# [Recorded information]
-- Opening Marker --
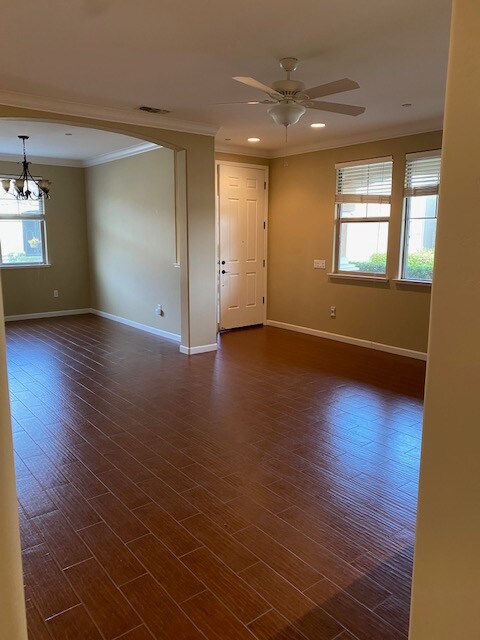 Building Photo - 1000 Orleans Ct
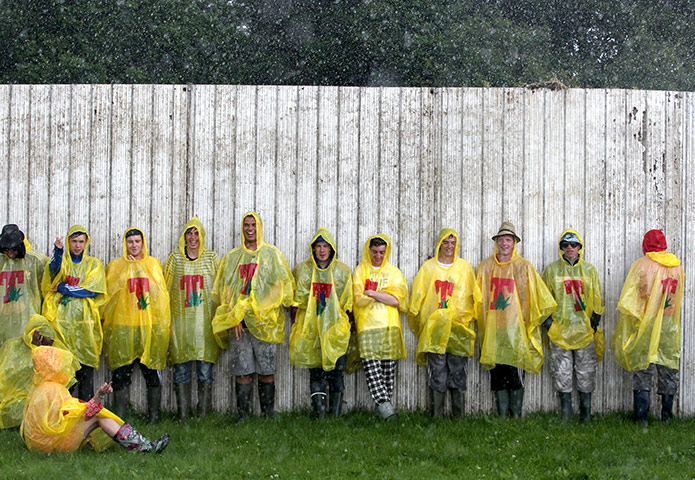 Sunday festivals : Sunday festivals around the globe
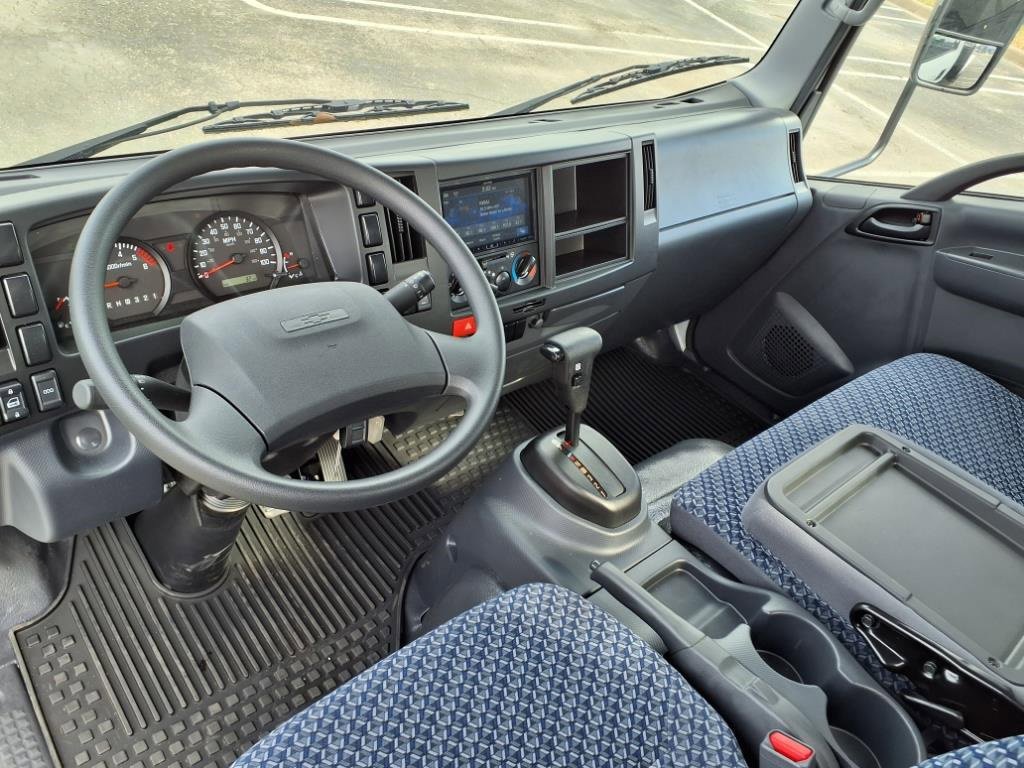 New 2025 Chevrolet Low Cab Forward 5500XG image 7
-- Closing Marker --
Restate the whole listing exactly as written, minus the pictures.

# [Answer for this exercise]
 Building Photo - 1000 Orleans Ct
 Sunday festivals : Sunday festivals around the globe
 New 2025 Chevrolet Low Cab Forward 5500XG image 7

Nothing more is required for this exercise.